Но Толстой не забыл главное, из-за чего приехал к нему этот человек.
— А как ваши дела, доктор?
— Ни с места! Сын тоскует по матери… Изболелось и у меня сердце.
— Крепитесь! Будем еще стучаться.
Сам вызвался проводить. Видно, сумятно было на душе у старика. Правительство к тому времени усмотрело в писателе отъявленного революционера. Запрещая розничную продажу пьесы «Власть тьмы», царь написал: «Надо бы положить конец этому безобразию Льва Толстого. Он чисто нигилист и безбожник». Теперь в тиши апартаментов Третьего отделения вынашивалась мысль об изъятии Толстого из общества путем заточения его в монастырь или объявления умалишенным.
Вышли. На Толстом черная блуза, подпоясанная черным же шнурком. Шагал легко, молодо перепрыгивая через ровчики, промытые дождем. Ветер задувал бороду, точно играл ею. В глазах — задумчиво-грустных — светилась вся глубина смятенной души.

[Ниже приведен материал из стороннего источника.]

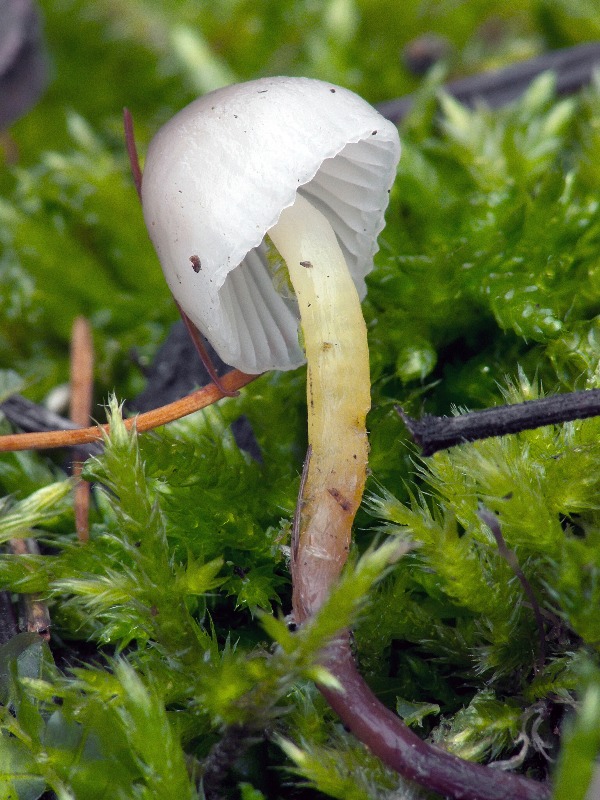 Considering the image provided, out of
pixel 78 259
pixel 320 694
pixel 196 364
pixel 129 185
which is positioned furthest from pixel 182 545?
pixel 129 185

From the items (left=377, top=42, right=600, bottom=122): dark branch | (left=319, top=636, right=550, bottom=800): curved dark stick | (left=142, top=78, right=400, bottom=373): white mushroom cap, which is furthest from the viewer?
(left=377, top=42, right=600, bottom=122): dark branch

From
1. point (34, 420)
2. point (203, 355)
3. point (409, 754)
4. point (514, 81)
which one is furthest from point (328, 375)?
point (514, 81)

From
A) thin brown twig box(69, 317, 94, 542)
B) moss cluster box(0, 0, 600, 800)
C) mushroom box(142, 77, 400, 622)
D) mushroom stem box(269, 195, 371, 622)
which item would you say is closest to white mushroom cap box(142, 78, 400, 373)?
mushroom box(142, 77, 400, 622)

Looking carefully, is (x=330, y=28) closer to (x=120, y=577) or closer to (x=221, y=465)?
(x=221, y=465)

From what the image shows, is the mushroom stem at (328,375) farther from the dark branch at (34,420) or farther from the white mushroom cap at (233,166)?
the dark branch at (34,420)

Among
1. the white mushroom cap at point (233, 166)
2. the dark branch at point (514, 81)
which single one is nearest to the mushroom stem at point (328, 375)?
the white mushroom cap at point (233, 166)

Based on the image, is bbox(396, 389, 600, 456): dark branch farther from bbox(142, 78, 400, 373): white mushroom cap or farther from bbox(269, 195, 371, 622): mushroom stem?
bbox(142, 78, 400, 373): white mushroom cap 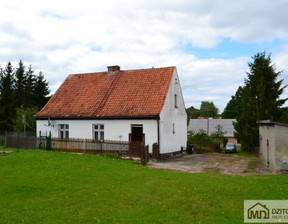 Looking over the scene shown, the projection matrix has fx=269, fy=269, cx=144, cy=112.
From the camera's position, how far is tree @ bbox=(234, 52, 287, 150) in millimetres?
30422

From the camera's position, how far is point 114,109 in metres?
22.0

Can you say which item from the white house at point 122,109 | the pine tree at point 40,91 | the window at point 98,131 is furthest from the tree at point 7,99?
the window at point 98,131

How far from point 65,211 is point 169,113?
625 inches

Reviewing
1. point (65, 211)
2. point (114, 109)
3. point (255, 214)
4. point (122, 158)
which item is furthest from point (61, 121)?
point (255, 214)

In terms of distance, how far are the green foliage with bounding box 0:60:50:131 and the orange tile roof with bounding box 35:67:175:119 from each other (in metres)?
20.7

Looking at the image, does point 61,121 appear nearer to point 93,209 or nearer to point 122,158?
point 122,158

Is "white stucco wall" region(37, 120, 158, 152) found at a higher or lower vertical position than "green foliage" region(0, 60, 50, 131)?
lower

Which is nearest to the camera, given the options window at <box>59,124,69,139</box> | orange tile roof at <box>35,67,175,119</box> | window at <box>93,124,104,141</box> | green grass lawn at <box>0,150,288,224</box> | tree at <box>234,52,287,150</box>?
green grass lawn at <box>0,150,288,224</box>

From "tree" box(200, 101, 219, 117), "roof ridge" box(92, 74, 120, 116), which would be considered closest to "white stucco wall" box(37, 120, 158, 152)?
"roof ridge" box(92, 74, 120, 116)

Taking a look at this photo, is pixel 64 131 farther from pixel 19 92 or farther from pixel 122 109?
pixel 19 92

— Я последнее время часто думаю о вашей жене. И ближе, понятнее становится ее протест… — И, вспомнив собственную боль, доверительно: — Ведь до чего в мерзостях дошли: меня приглашают к московскому губернатору Долгорукому для «должного внушения»! Я отказался явиться. Не могу по своим убеждениям, так как в этих действиях усматриваю вторжение в свой духовный мир!
Долго молчал. Потом вдруг торопливо стал прощаться. Ему подвели лошадь. Придерживаясь за луку, Толстой по-молодецки встал ногой в стремя и легко метнул вверх свое тело. Широкогрудый рысак с места пошел плясовой рысью.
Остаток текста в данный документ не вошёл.